I do the opposite, my job is kind of bad data engineer/scientist/etl minion so it's a lot of dataframes.
Work (and often debug) in jupyter -> open the notebook from pycharm when it's got some completed thoughts and write into a python module + test module, tidying up and adding type annotations.
Sometimes doing that multiple times so that the notebook is importing from modules which were originally pulled out of the notebook.
It sucks having to use two tools but I don't think there's any one tool that can do both as well as pycharm/jupyter, short of me getting a lot better at emacs or writing a lot of custom Atom extensions (I think).
I am very hopeful that JupyterLab will get support for the Language Server Protocol sometime soon. That would make all the difference in the world for me. I'd still have to use a terminal to build and run tests, but I wouldn't be surprised if a test runner comes along fairly quickly after that.
Data frame rendering in the various notebooks (beaker,jupyter,zeppelin,..) is wonderful.
Your workflow sounds closest to what I do. If I want to visualize something I tend to compile my thoughts/imports and organize things in an editor first and put it in a notebook in parallel. It helps with version control as well.
I am a Spark data engineer and spend a lot of time in Scala / Python IDEs & browser notebooks. Databricks lets you package code as JAR / wheel files & attach the binaries to the cluster. I write all the complicated code in tested projects that are checked into GitHub & use the notebooks to invoke the functions and visualize results.
Folks that try to do all programming in notebooks typically drown in complexity and suffer.
Yeah I agree. We do something similar if we're using zeppelin or beaker. I organize it, put an uber jar in there and then run everything from there. That's a ton easier.

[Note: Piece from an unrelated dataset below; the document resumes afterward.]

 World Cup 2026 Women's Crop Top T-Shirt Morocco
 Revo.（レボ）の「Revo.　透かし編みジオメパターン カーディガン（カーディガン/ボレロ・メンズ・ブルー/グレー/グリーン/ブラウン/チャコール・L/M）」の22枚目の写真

When you're processing a lot of data, it can be expensive to keep re-running your whole script every time you make a change. The notebook keeps the results of your earlier steps in memory when you want to change and re-run a later step.
This is a trade-off between how much code you're writing and how much data you're processing. If you're writing maybe 20 lines of code but you have enough input that it takes several minutes to run, the notebook becomes a clear win for your development process.

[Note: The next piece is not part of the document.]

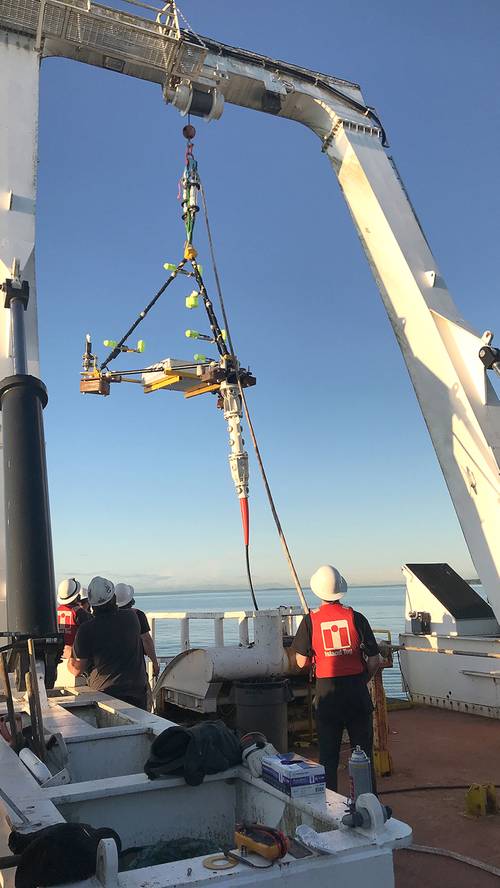Deployment of Jasco ULS comprising MacArtney Mini-T multiplexer systems. Photo: MacArtney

So does the standard terminal repl in python. You can achieve the same workflow with having a plain old python file, and then just use your favorite editor's "Send block of code to console" function. This way, you retain your editor's functionality while you can work just as interactively as with a notebook.
You can generally persist the results your self to disk though. Especially since a lot of things end up being numpy arrays. So you run 1 script that saves all the results, and another that loads it and runs just the part of your workflow you want. Bonus: it's persisted to disk on top of that! I know things get more complicated than that, but I'd say the compelling use case for notebooks isn't the state saving but more the whole package in one place (state persistence,visualization, interactive repl,..)
Is your plan with this to always have it as what seems like a hosted service?
Is it possible to use it as what seems like a drop-in replacement for jupyter notebooks?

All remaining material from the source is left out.